Data records Block Start
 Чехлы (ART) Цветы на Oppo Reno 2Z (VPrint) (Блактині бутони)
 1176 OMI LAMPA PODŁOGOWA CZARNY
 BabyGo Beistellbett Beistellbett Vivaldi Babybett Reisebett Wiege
Data records Block End
Data records Block Start
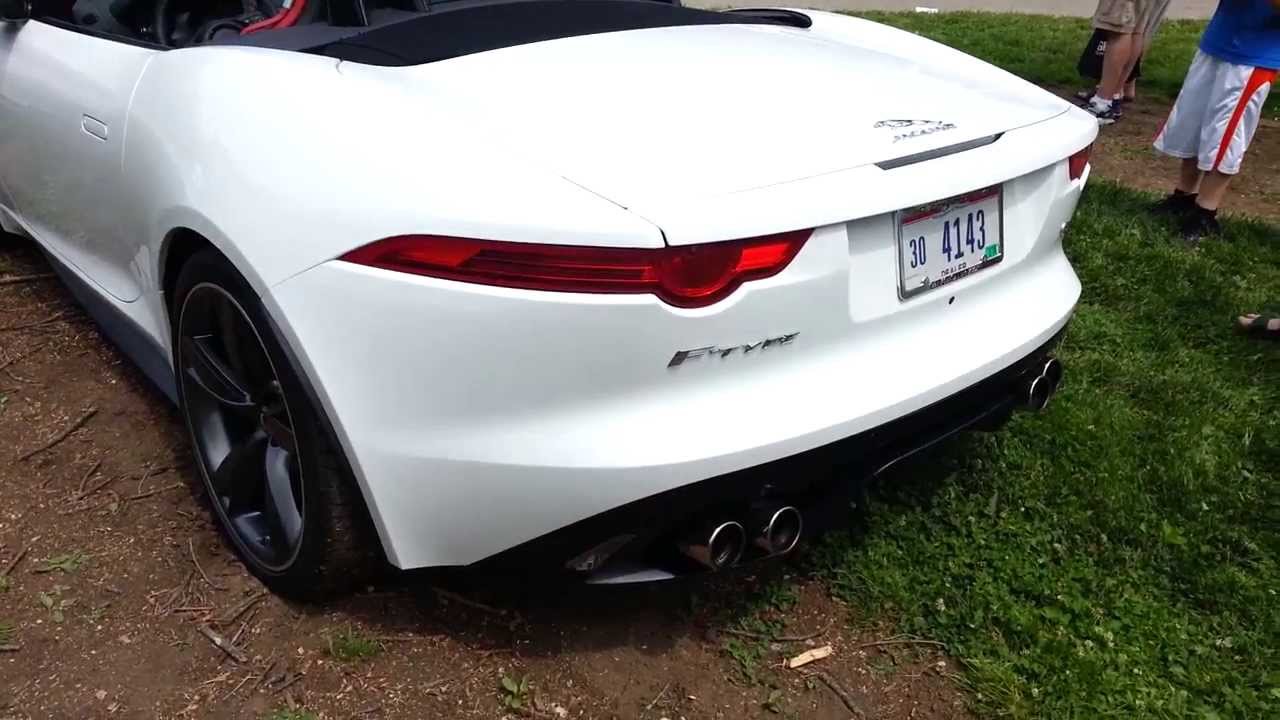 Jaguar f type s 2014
Data records Block End
**Action item**
Among the lines above, repeat exactly those from the line with "Чехлы (ART) Цветы" to the line with "BabyGo Beistellbett Beistellbett", counting both ends.

**Exercise answer**
 Чехлы (ART) Цветы на Oppo Reno 2Z (VPrint) (Блактині бутони)
 1176 OMI LAMPA PODŁOGOWA CZARNY
 BabyGo Beistellbett Beistellbett Vivaldi Babybett Reisebett Wiege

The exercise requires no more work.